Most companies are flying blind on AI spending as token billing spreads

The blindness goes mainstream

The uncomfortable part of the current AI spending story is not that bills are rising. It is that many companies still cannot reliably see why they are rising.

According to a yet-unpublished KPMG survey cited by the Wall Street Journal and summarized by The Decoder, only 26% of companies have full visibility into their AI costs. Another 50% report limited oversight, while 22% say they have no transparency at all — or only learn what they used after the invoice arrives. That is not a niche governance issue. It is what happens when a new consumption model scales faster than the systems built to monitor it.
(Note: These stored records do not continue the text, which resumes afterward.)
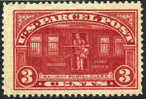 US Q3 Mint Hinged 3c Parcel Post Of 1913 - Colis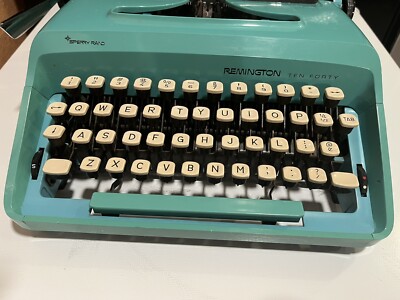 1930年代〜40年代　SEARS JUNIOR L47S Vintage 1970x Remington Ten Forty Sperry Rand ￼ #NR H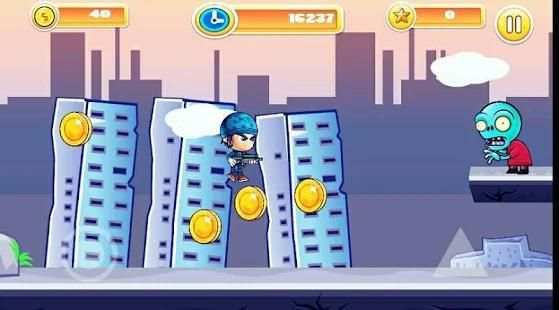 Zombie Shooter Runner screenshot 2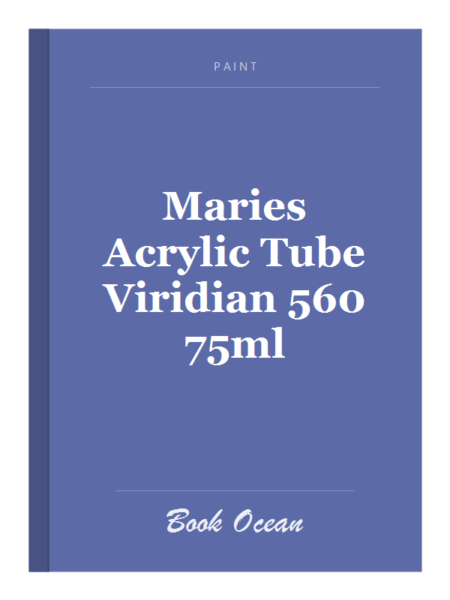 Maries Acrylic Tube Viridian 560 75ml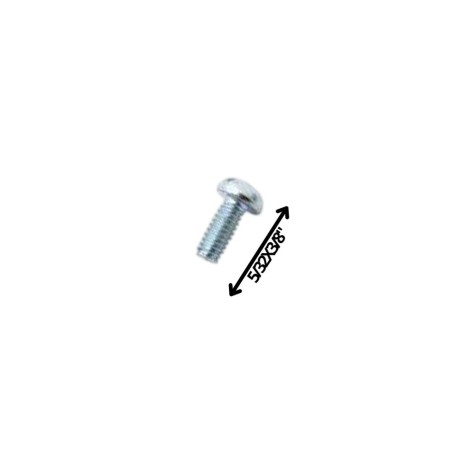PERNO COCINA CABEZA REDONDA (04) 5/32 X 3/8
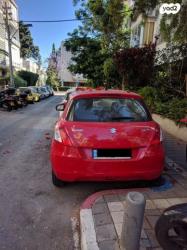 סוזוקי סוויפט GLS אוט' 1.2 (94 כ"ס) בנזין 2016 למכירה ברחובות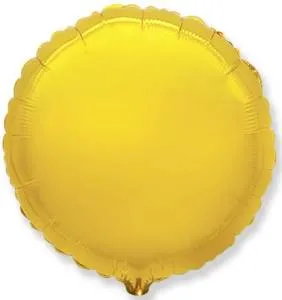 Круг  9" золото 1204-0164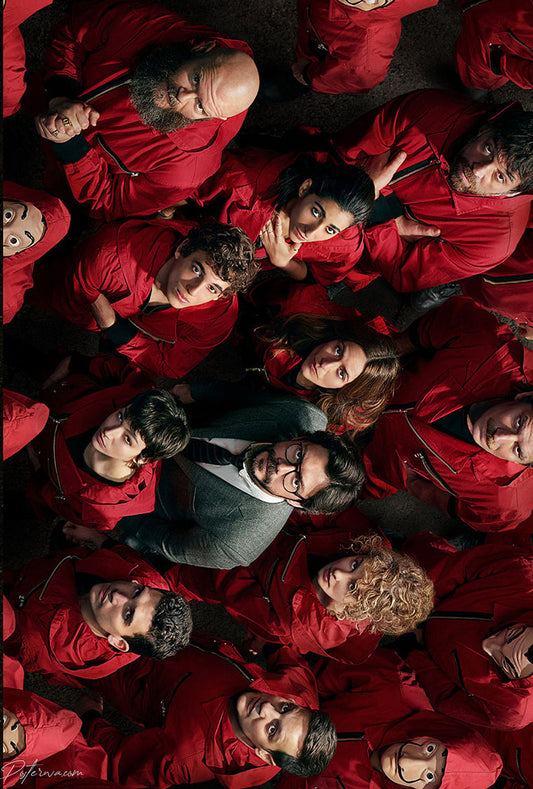 Le Casa De Team Poster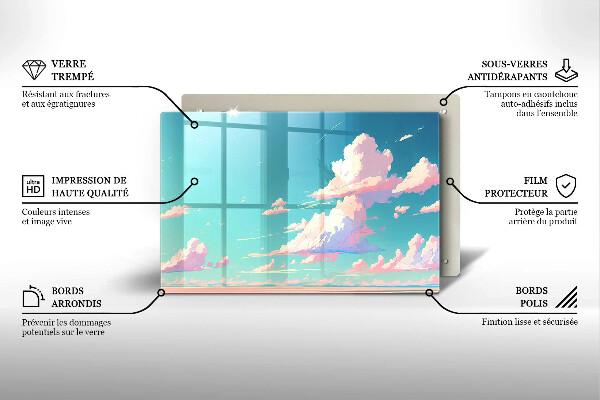 Deska do kuchni Bajkowe niebo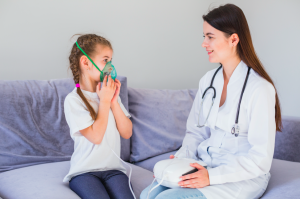 Asma y pruebas respiratorias en niños: diagnóstico y tratamiento en Hospital Galenia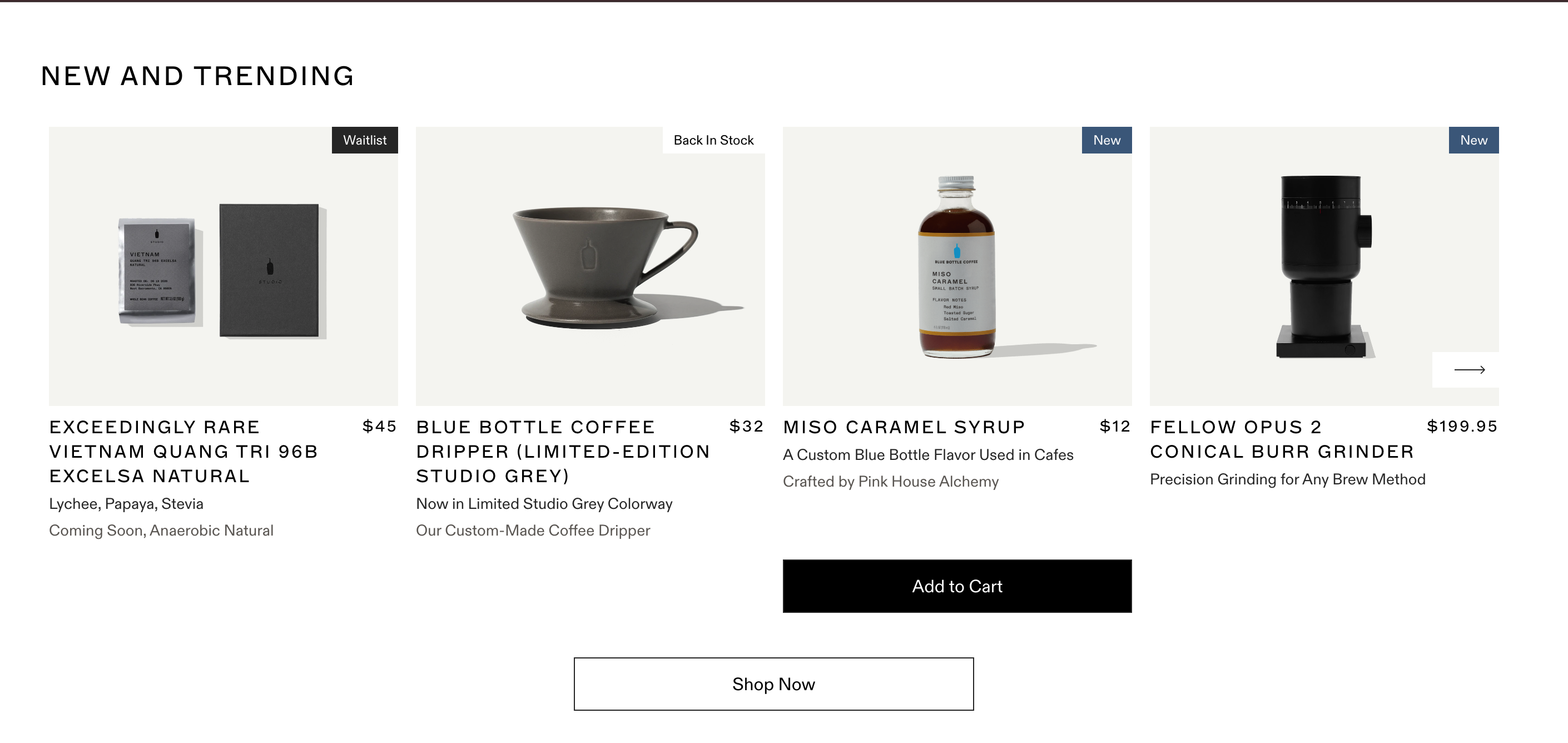 Blue Bottle Coffee preview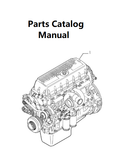New Holland E907 Engine Parts Catalog Manual F3AE0684N 504141736-84455590 - PDF File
The shift matters because AI is no longer a small experimental line item tucked inside a lab budget. It is moving into production products, internal copilots, retrieval systems, agents, and workflow automation. Once that happens, AI stops behaving like a one-off software purchase and starts behaving like a metered utility with highly variable demand. Finance teams are being asked to forecast, cap, and justify spend in a regime where usage can spike with product adoption, prompt length, model choice, and downstream tool calls.

KPMG’s Steve Chase told the WSJ that this is “a new resource that needs to be managed that didn’t exist quite that way,” and that firms are seeing exponential growth. That language is doing a lot of work. The challenge is not simply that AI is expensive. It is that token-based billing introduces cost behavior that is granular, dynamic, and often only legible after the fact.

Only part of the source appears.